A Theoretically Better Solution

Even though the highest probe count is small, it still grows as we have more items in the hash table (probe count goes up when load factor goes up). What if I tell you I don’t want it to grow? Meet Cuckoo hashing, which has a maximum probe count of 1.

The algorithm is slightly more complicated. Instead of one table, we have two tables, and one hash function each, chosen randomly among the space of all hash functions (not practical, but close enough). When we look up an item, we just need to compute the hash for the first and the second table, and look at those two spots. Done!

I mean, sure, but that’s easy – how do you insert? What if both spots are full? That’s where the name cuckoo comes from. You pick one of the spots, kick that guy out and put your item there.

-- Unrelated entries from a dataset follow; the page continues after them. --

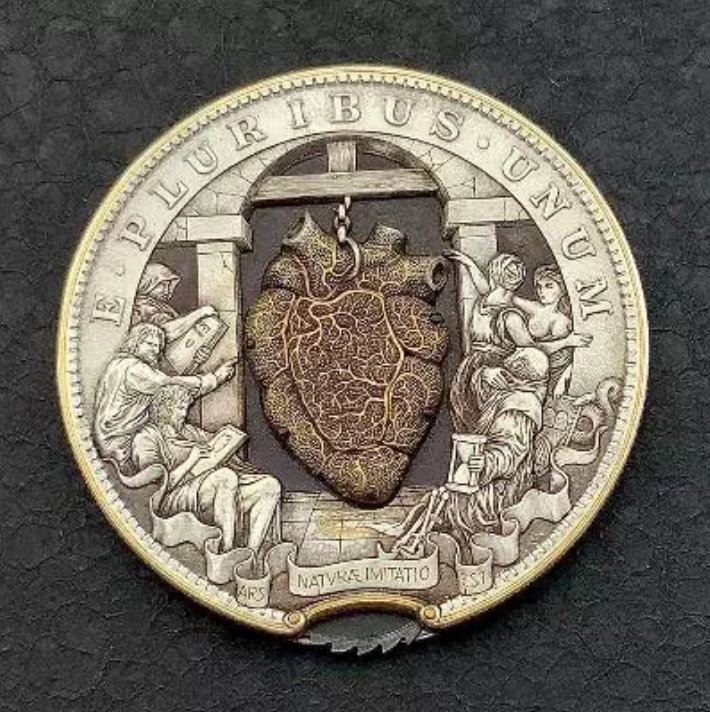 Handmade Art Coin Carved by Roman Booteen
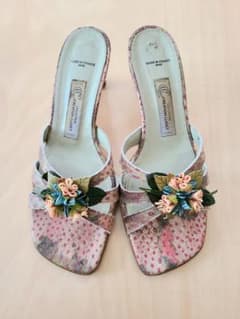 Creation Lusset フランス製 花飾り サンダル24cm相当のサムネイル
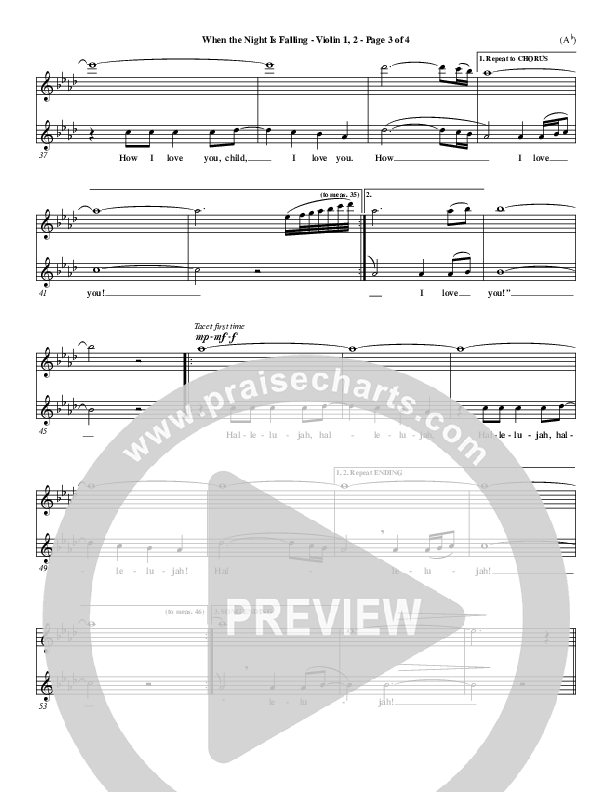 When The Night Is Falling Violin 1/2 (Dennis Jernigan)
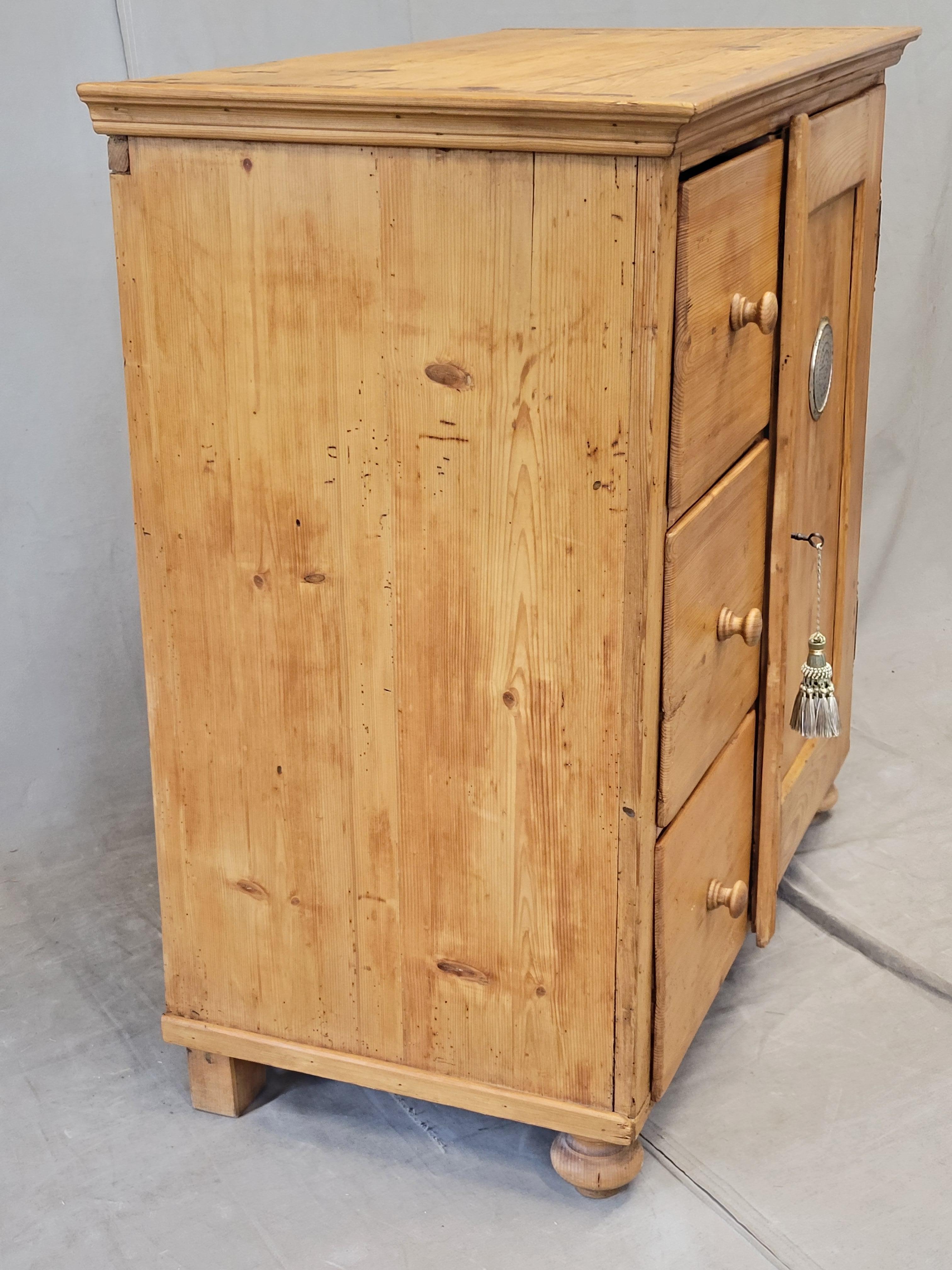 Antique German Pine Locking Pie or Larder Cabinet For Sale 7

Now with the new guy, you find its other available spot, kick that guy out, so on and so forth. If you end up in a loop (or spend too long and decide to give up), you pick another two hash functions, and rebuild the hash table. As far as at least half of the slots are empty, it is highly likely that the whole operation takes constant time in expectation. I don’t have any simple intuitions about why this is true. If you do, please let me know.

Theoretically, Cuckoo hashing beats Robin Hood because the worst case look up time is constant, unlike in Robin Hood. Why is it still slower than Robin Hood in practice? As it turns out, the constant is both a blessing and a curse. When looking up missing items, there has to be two look ups; even when looking up existing items, on average there still has to be 1.5 look ups. To make matters worse, since the two spots are spatially uncorrelated, they usually cause two cache misses. Once again, cache performance makes a big difference in the overall speed.

Having said all that, performance in real life is a very complicated matter. Cache performance is just one of the unpredictable components. There are also various compiler optimizations, chip architectures, threading/synchronization issues or language designs that can affect performance, even given then same algorithm. Writing a fast program is all about profiling, fine tuning, and finding the balance*.

*My coworker once said, “at the end of almost any meeting, you can say ‘it’s all about the balance’, and everyone would agree with you.

Variants of the Optimal Coding Problem

A Variant of Optimal Coding Problem
Prerequisites: binary prefix code trees, Huffman coding

Here’s a problem: say we are given n positive numbers, and you are allowed to each time pick two numbers (a and b) that are in the list, add them together and put it back to the list, and pay me an amount of dollars equal to the sum (a+b). Obviously your optimal strategy would be not to play this stupid game. Here’s the twist: what if I point a gun at your head and force you to play until we end up with only one number, then what would be your optimal strategy, and what would be the minimum amount of money you have to pay me?

At the first glance this seems quite easy, of course you would just pick the smallest two numbers each time and add them, because that would be the best option you have each time. It would minimize your cost every round, and I will end up with the minimum amount possible. However if you paid attention in your greedy algorithm lecture in college, you will notice the fallacy of this statement – picking the best option each time does not necessarily lead to the best overall outcome.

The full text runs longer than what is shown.